_What you will do_:
Below this line are records; write out exactly the lines from the one containing "非洲少年戴着耳机听音乐" through the one containing "기계설계 3D CAD", with the pictures left out.

_Data for the task_:
-*-*-
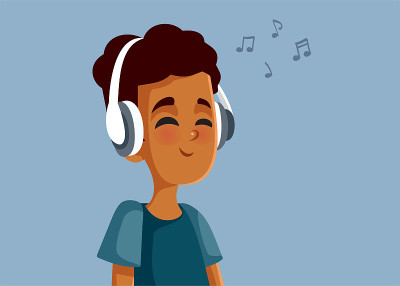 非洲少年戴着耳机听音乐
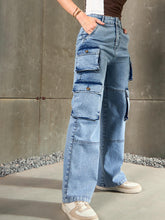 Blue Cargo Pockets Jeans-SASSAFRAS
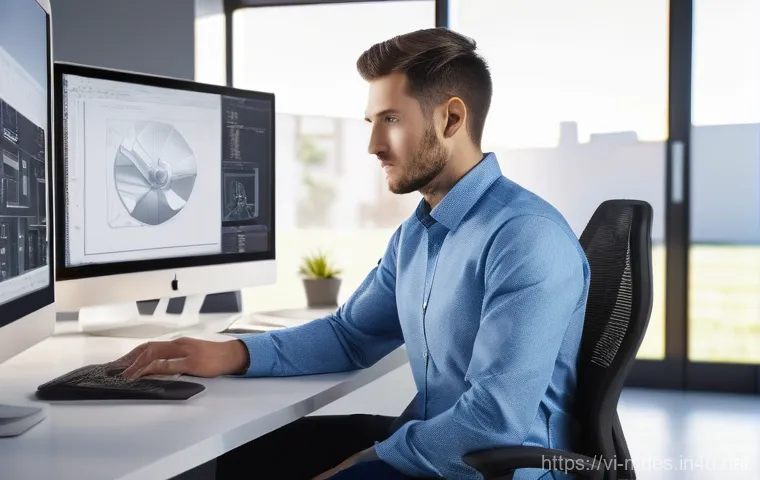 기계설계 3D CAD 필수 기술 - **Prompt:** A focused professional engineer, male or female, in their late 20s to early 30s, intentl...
-*-*-
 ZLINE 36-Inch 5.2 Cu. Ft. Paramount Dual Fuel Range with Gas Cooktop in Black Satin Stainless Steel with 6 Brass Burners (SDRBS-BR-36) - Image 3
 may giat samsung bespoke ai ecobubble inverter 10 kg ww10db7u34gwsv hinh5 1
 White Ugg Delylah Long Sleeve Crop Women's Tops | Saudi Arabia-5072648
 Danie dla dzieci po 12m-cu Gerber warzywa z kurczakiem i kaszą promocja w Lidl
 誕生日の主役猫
-*-*-
_Answer section_:
 非洲少年戴着耳机听音乐
 Blue Cargo Pockets Jeans-SASSAFRAS
 기계설계 3D CAD 필수 기술 - **Prompt:** A focused professional engineer, male or female, in their late 20s to early 30s, intentl...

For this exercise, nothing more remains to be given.